On Wed, Jun 29, 2022 at 02:24:35PM +0200, Jan Klemkow wrote:
> Hi,
>
> This diff introduces the sending side of TSO to our TCP/IP stack.
> If the hardware has TSO capabilities tcp_output() will send huge TCP
> segments down the stack to the interface. ip{6}_output() will ignore
> the size is greater then eny MTU in this case.
>
> I tested it with IPv4, IPv6 and VLAN. VLAN sending is not offloaded
> now, because this interface does not inherited the TSO capability.
> I will do this in a later diff.
>
> If you have an ix(4) NIC of 82599 or newer, just enable TSO with
> ifconfig(8):
>
> # ifconfig ix0 tso
>
> Thanks for testing,
> Jan
A few comments below:
> Index: netinet/tcp_input.c
> ===================================================================
> RCS file: /mount/openbsd/cvs/src/sys/netinet/tcp_input.c,v
> retrieving revision 1.375
> diff -u -p -r1.375 tcp_input.c
> --- netinet/tcp_input.c 4 Jan 2022 06:32:39 -0000 1.375
> +++ netinet/tcp_input.c 28 Jun 2022 17:12:43 -0000
> @@ -2851,6 +2851,15 @@ tcp_mss(struct tcpcb *tp, int offer)

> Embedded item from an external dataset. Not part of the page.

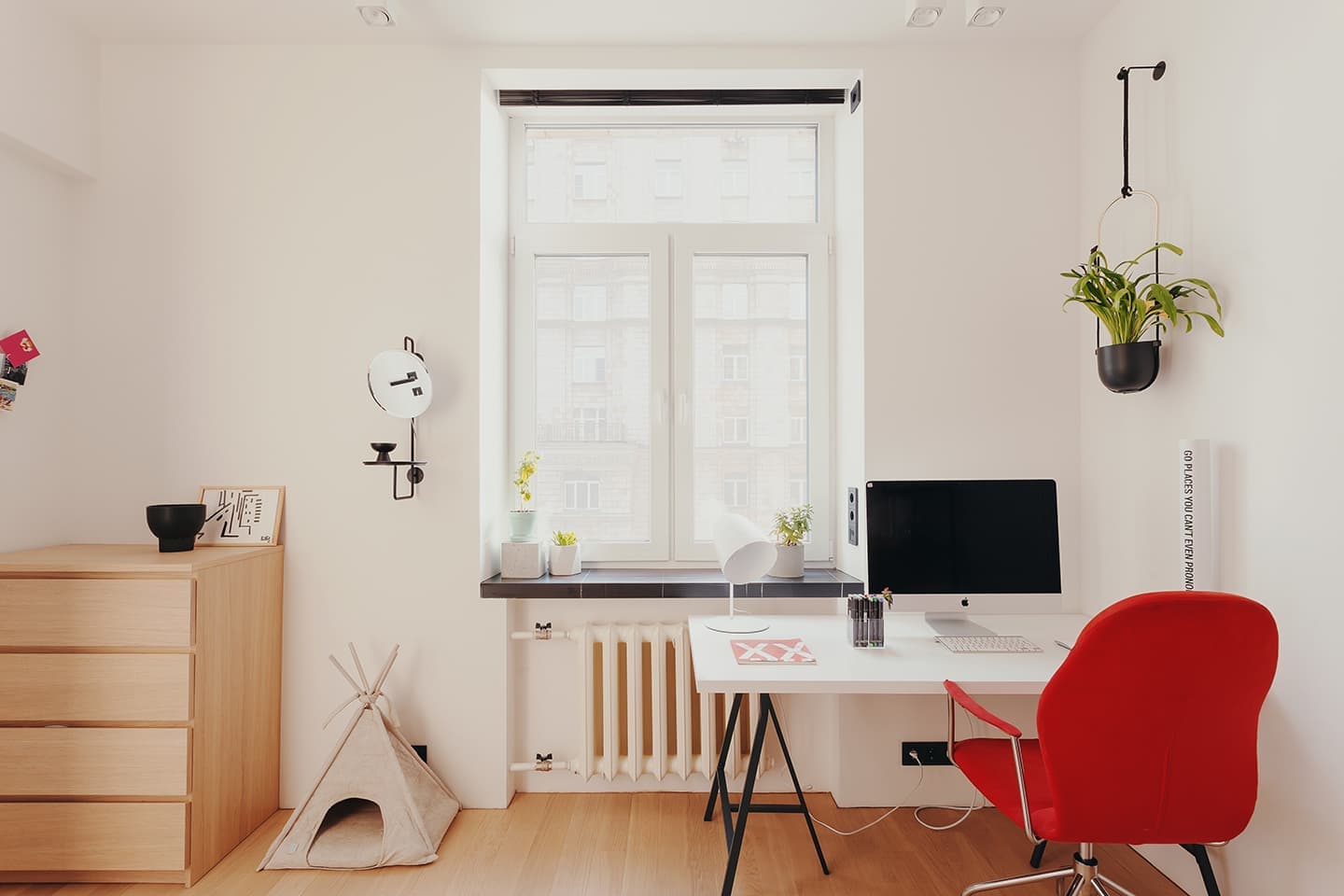 Квартира с круговой планировкой в сталинке — проект LSD bureau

> mssopt = ifp->if_mtu - iphlen - sizeof(struct tcphdr);
> mssopt = max(tcp_mssdflt, mssopt);
> }
> +
> + if (ISSET(ifp->if_xflags, IFXF_TSO)) {
> + tp->t_flags |= TF_TSO;
> +
> + if (ifp->if_hw_tsomax < MAXMCLBYTES)
> + tp->t_tsomax = ifp->if_hw_tsomax;
> + else
> + tp->t_tsomax = MAXMCLBYTES;
> + }
Why is there a limit on MAXMCLBYTES? I guess the card must support chained
buffers because a 64k mbuf is not linearly mapped.
> out:
> if_put(ifp);
> /*
> Index: sys/mbuf.h
> ===================================================================
> RCS file: /mount/openbsd/cvs/src/sys/sys/mbuf.h,v
> retrieving revision 1.254
> diff -u -p -r1.254 mbuf.h
> --- sys/mbuf.h 14 Feb 2022 04:33:18 -0000 1.254
> +++ sys/mbuf.h 28 Jun 2022 17:29:00 -0000
> @@ -133,6 +133,7 @@ struct pkthdr {
> u_int16_t ph_flowid; /* pseudo unique flow id */
> u_int16_t csum_flags; /* checksum flags */
> u_int16_t ether_vtag; /* Ethernet 802.1p+Q vlan tag */
> + u_int16_t ph_mss; /* max. seg. size. */
> u_int ph_rtableid; /* routing table id */
> u_int ph_ifidx; /* rcv interface index */
> u_int8_t ph_loopcnt; /* mbuf is looping in kernel */
Please move the two u_int fields above the u_int16_t block so that the
pkthdr packs nicely. You add a 5th uint16_t and so that would insert an
extra pad.
> @@ -226,13 +227,14 @@ struct mbuf {
> #define M_IPV6_DF_OUT 0x1000 /* don't fragment outgoing IPv6
> */
> #define M_TIMESTAMP 0x2000 /* ph_timestamp is set */
> #define M_FLOWID 0x4000 /* ph_flowid is set */
> +#define M_TCP_TSO 0x8000 /* TCP Segmentation Offload
> needed */
>
> #ifdef _KERNEL
> #define MCS_BITS \
> ("\20\1IPV4_CSUM_OUT\2TCP_CSUM_OUT\3UDP_CSUM_OUT\4IPV4_CSUM_IN_OK" \
> "\5IPV4_CSUM_IN_BAD\6TCP_CSUM_IN_OK\7TCP_CSUM_IN_BAD\10UDP_CSUM_IN_OK" \
>
> "\11UDP_CSUM_IN_BAD\12ICMP_CSUM_OUT\13ICMP_CSUM_IN_OK\14ICMP_CSUM_IN_BAD" \
> - "\15IPV6_NODF_OUT" "\16TIMESTAMP" "\17FLOWID")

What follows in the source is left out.